Polydore Plasden (1563–1591) was one of the Catholic Forty Martyrs of England and Wales. A native of London, he studied for the priesthood at Rheims and Rome and was ordained in 1586 before being sent back to England soon after.

Life
Polydore Plasden was born in 1563, the son of a London horner. He was educated at Rheims and at the English College at Rome, where he was ordained priest on 7 December 1586. He remained at Rome for more than a year, and then was at Rheims from 8 April till 2 September 1588, when he was sent on the mission. While at Rome he had signed a petition for the retention of the Jesuits as superiors of the English College, but in England he was considered to have suffered injury through their agency. Plasden ministered in Sussex and in London from 1588 to 1591. He was captured on 2 November 1591, in London, at Swithun Wells' house in Gray's Inn Fields, where Edmund Gennings was celebrating Mass.

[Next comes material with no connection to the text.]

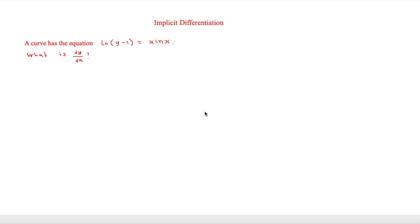The final question says that a curve has the equation ln(y − 1) equals x ln x. We need to find dy/dx. Starting with the left-hand side, we are going to have to use the chain rule because it is a function of a function, also known as a composite function.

On 6 December together with Edmund Gennings and Eustace White, priests, and Sydney Hodgson, Swithin Wells, and John Mason, laymen, he was tried before the King's Bench, and condemned for coming into England contrary to law.

At his execution on 10 December 1591, he acknowledged Elizabeth as his lawful queen, whom he would defend to the best of his power against all her enemies, and he prayed for her and the whole realm, but said that he would rather forfeit a thousand lives than deny or fight against his religion. Plasden was hanged, drawn, and quartered at Tyburn.
By the orders of Sir Walter Raleigh, he was allowed to hang till he was dead, and the sentence was carried out upon his corpse.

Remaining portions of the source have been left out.